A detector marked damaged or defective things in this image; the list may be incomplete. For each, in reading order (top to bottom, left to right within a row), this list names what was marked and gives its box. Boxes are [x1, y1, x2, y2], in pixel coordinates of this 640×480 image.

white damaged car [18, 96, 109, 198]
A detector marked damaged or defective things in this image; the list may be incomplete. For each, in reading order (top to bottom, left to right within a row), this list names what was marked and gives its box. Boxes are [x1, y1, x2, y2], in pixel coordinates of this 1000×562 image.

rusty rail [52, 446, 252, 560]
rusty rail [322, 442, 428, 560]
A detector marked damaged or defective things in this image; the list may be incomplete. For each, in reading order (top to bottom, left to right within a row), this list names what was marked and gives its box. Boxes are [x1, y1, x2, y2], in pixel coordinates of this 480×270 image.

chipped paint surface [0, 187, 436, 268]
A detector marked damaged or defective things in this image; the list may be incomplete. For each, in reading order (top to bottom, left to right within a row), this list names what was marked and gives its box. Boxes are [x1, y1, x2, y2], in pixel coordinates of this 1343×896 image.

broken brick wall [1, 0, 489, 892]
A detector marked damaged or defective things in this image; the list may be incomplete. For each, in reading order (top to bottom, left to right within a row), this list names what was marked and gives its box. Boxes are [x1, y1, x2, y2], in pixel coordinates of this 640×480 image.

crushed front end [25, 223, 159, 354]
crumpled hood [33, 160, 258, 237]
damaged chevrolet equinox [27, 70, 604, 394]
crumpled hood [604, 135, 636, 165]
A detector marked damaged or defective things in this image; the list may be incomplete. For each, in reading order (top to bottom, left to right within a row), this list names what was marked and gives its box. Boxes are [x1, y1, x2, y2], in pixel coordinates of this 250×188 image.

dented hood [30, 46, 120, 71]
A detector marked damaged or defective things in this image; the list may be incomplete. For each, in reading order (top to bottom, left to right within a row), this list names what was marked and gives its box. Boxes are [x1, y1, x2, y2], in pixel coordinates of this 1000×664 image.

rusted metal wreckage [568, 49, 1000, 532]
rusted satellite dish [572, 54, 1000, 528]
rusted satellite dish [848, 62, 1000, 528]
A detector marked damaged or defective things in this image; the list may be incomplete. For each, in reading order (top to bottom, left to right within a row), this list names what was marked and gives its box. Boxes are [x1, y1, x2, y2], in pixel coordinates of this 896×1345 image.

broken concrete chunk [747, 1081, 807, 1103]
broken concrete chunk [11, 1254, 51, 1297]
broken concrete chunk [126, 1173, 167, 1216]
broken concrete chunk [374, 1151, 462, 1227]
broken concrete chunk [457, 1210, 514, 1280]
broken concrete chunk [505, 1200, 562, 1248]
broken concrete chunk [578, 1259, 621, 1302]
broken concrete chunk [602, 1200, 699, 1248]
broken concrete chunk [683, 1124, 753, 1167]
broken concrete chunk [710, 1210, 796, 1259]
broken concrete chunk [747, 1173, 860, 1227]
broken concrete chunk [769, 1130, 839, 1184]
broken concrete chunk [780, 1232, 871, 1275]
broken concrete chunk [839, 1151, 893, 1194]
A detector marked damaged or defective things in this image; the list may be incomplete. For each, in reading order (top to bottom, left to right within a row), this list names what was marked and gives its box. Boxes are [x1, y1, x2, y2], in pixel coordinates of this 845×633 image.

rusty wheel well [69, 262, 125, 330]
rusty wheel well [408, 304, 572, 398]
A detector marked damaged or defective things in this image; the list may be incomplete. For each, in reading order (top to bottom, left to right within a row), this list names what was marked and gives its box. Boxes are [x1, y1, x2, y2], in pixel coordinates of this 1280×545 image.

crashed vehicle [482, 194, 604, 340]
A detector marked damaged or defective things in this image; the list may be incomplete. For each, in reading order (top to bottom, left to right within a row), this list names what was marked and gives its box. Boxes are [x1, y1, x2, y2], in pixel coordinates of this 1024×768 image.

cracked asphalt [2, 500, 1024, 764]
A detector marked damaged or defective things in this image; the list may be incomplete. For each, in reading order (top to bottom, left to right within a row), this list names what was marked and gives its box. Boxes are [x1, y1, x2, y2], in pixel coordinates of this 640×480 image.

*WHAT THE TASK ASKS*.
Please give an exact copy of every entry.

*WRITTEN ANSWER*.
A detector marked damaged or defective things in this image; the list may be incomplete. For each, in reading order (top to bottom, left to right within a row), this list names what was marked and gives its box. Boxes are [x1, y1, x2, y2], in pixel coordinates of this 640×480 image.

white damaged car [18, 96, 109, 198]
A detector marked damaged or defective things in this image; the list may be incomplete. For each, in reading order (top to bottom, left to right within a row), this list names what was marked and gives its box. Boxes are [x1, y1, x2, y2], in pixel coordinates of this 1000×562 image.

rusty rail [52, 446, 252, 560]
rusty rail [322, 442, 428, 560]
A detector marked damaged or defective things in this image; the list may be incomplete. For each, in reading order (top to bottom, left to right within a row), this list names what was marked and gives its box. Boxes are [x1, y1, x2, y2], in pixel coordinates of this 480×270 image.

chipped paint surface [0, 187, 436, 268]
A detector marked damaged or defective things in this image; the list may be incomplete. For each, in reading order (top to bottom, left to right within a row), this list names what was marked and gives its box. Boxes are [x1, y1, x2, y2], in pixel coordinates of this 1343×896 image.

broken brick wall [1, 0, 489, 892]
A detector marked damaged or defective things in this image; the list may be incomplete. For each, in reading order (top to bottom, left to right within a row), this list names what was marked and gives its box. Boxes are [x1, y1, x2, y2], in pixel coordinates of this 640×480 image.

crushed front end [25, 223, 159, 354]
crumpled hood [33, 160, 258, 237]
damaged chevrolet equinox [27, 70, 604, 394]
crumpled hood [604, 135, 636, 165]
A detector marked damaged or defective things in this image; the list may be incomplete. For each, in reading order (top to bottom, left to right within a row), this list names what was marked and gives its box. Boxes are [x1, y1, x2, y2], in pixel coordinates of this 250×188 image.

dented hood [30, 46, 120, 71]
A detector marked damaged or defective things in this image; the list may be incomplete. For each, in reading order (top to bottom, left to right within a row), this list names what was marked and gives its box. Boxes are [x1, y1, x2, y2], in pixel coordinates of this 1000×664 image.

rusted metal wreckage [568, 49, 1000, 532]
rusted satellite dish [572, 54, 1000, 528]
rusted satellite dish [848, 62, 1000, 528]
A detector marked damaged or defective things in this image; the list may be incomplete. For each, in reading order (top to bottom, left to right within a row), this list names what was marked and gives its box. Boxes are [x1, y1, x2, y2], in pixel coordinates of this 896×1345 image.

broken concrete chunk [747, 1081, 807, 1103]
broken concrete chunk [11, 1254, 51, 1297]
broken concrete chunk [126, 1173, 167, 1216]
broken concrete chunk [374, 1151, 462, 1227]
broken concrete chunk [457, 1210, 514, 1280]
broken concrete chunk [505, 1200, 562, 1248]
broken concrete chunk [578, 1259, 621, 1302]
broken concrete chunk [602, 1200, 699, 1248]
broken concrete chunk [683, 1124, 753, 1167]
broken concrete chunk [710, 1210, 796, 1259]
broken concrete chunk [747, 1173, 860, 1227]
broken concrete chunk [769, 1130, 839, 1184]
broken concrete chunk [780, 1232, 871, 1275]
broken concrete chunk [839, 1151, 893, 1194]
A detector marked damaged or defective things in this image; the list may be incomplete. For each, in reading order (top to bottom, left to right within a row), this list names what was marked and gives its box. Boxes are [x1, y1, x2, y2], in pixel coordinates of this 845×633 image.

rusty wheel well [69, 262, 125, 330]
rusty wheel well [408, 304, 572, 398]
A detector marked damaged or defective things in this image; the list may be incomplete. For each, in reading order (top to bottom, left to right within a row), this list names what was marked and gives its box. Boxes are [x1, y1, x2, y2], in pixel coordinates of this 1280×545 image.

crashed vehicle [482, 194, 604, 340]
A detector marked damaged or defective things in this image; the list may be incomplete. For each, in reading order (top to bottom, left to right within a row), this list names what was marked and gives its box. Boxes are [x1, y1, x2, y2], in pixel coordinates of this 1024×768 image.

cracked asphalt [2, 500, 1024, 764]
A detector marked damaged or defective things in this image; the list may be incomplete. For each, in reading order (top to bottom, left to right within a row), this list names what was marked and gives its box. Boxes are [x1, y1, x2, y2], in pixel coordinates of this 640×480 image.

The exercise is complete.